17. | We are an exploration stage company and the probability that commercially viable deposits or “reserves” exists in the property is extremely remote. |
We are an exploration stage company with no known commercially viable deposits, or “reserves” on our property. Therefore, determination of the existence of a reserve will depend on appropriate and sufficient exploration work and the evaluation of legal, economic, and environmental factors. If we fail to to find a commercially viable deposit on our property our financial condition and results of operations will suffer. If we cannot generate income from the property we will have to cease operation which will result in the loss of your investment.

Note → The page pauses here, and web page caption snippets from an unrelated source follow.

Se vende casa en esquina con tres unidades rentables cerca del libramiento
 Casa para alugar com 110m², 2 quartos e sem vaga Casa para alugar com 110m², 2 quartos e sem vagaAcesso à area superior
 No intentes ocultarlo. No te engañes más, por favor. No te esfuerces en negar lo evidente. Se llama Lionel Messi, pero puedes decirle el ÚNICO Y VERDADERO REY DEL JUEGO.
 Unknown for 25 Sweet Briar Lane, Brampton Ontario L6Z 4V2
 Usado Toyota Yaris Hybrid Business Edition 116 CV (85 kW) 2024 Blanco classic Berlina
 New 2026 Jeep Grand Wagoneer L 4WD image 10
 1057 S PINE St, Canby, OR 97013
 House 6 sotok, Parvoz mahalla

18. | We expect losses to continue in the future because we have no reserves and, consequently, no revenue to offset losses. |
Based upon current plans and the fact that we currently do not have any reserves, we expect to incur operating losses in future periods. This will happen because there are expenses associated with the acquisition of, and exploration of natural resource properties which do not have any income-producing reserves. We cannot guarantee that we will be successful in generating revenues in the future. Failure to generate revenues may cause us to go out of business. We will require additional funds to achieve our current business strategy and our inability to obtain additional financing will interfere with our ability to expand our current business operations.
19. | We may not have the funds to purchase all of the supplies, manpower and materials we need to begin exploration which could cause us to delay or suspend operations. |
Competition and unforeseen limited sources of supplies in the industry could result in occasional spot shortages of supplies, manpower and certain equipment such as bulldozers and excavators that we might need to conduct exploration. If there is a shortage or scarcity, we cannot compete with larger companies in the exploration industry for supplies, manpower and equipment. In the event that the prices for such resources rise above our affordability levels, we may have to delay or suspend operations. In the event we are forced to limit our exploration activities, we may not find any minerals, even though our properties may contain mineralized material. Without any minerals we cannot generate revenues and you may lose your investment.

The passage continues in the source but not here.